Deve sbrigarsi, non può perdere tempo, ma il buio le fa salire l’ansia. Si dà della stupida mentalmente, deve smetterla di averne timore; in fin dei conti, le stesse cose che vi sono di giorno sono presenti anche di notte, solo che non si vedono. Tentenna ma ha deciso, ha già perso fin troppo tempo; prende un gran respiro, strizza gli occhi e li riapre, stringe tra le mani una delle cinghie dello zainetto che porta in spalla e avanza a passo svelto lungo la stradina oscura. Cammina veloce e tende le orecchie, non lo dà a vedere ma ha paura. Sta morendo di paura, in realtà, e un motivo ben preciso c’è: la zia glielo ha sempre detto di camminare in mezzo alla gente e sotto la luce dei lampioni, dove tutti possono vederla, perché non si sa mai cosa possa succedere la sera, soprattutto a una come lei. Si volta indietro una, due, tre volte, per sicurezza. Non si sa mai.
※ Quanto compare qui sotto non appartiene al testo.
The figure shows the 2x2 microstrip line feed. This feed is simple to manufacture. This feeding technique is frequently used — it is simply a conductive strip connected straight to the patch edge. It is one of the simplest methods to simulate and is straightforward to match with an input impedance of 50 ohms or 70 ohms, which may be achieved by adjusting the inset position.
È quasi giunta alla fine del vicolo, con il rumore dei suoi passi leggeri sull’asfalto screpolato che per tutto il tempo le ha riempito le orecchie e sembra essere l’unico suono udibile in questa notte senza luna e senza stelle. Sta per tirare un grosso sospiro di sollievo, quando lo vede. Lo vede e il suo corpo si immobilizza. È poco più di un’ombra, in realtà, ma è sicura di non sbagliarsi. Quella è una persona, una persona vera, e la sta guardando fisso da molto più tempo di quanto lei non creda. Immobile come una statua di ghiaccio, sbatte ripetutamente le palpebre, sperando di aver visto male. Quando li riapre, la figura è scomparsa. Del sudore freddo le cola lungo la spina dorsale, anche se è pieno inverno e fa talmente freddo che il fiato affannoso che le esce dalla bocca si condensa in una buffa nuvoletta di vapore. In un altro momento lo avrebbe trovato divertente e, con un doloroso nodo alla gola e le ciglia che si inumidiscono di lacrime, avrebbe riportato alla memoria episodi risalenti alla sua infanzia. Ma questo non è uno di quei momenti. Con il cuore in gola e le gambe tremanti, si affretta a superare l’androne nel quale le pareva di aver intravisto qualcuno. Qualcuno che ora la sta osservando da dietro l’angolo di una casa prossima alla demolizione, ma lei non può vederlo perché ormai quella casa se l’è lasciata alle spalle.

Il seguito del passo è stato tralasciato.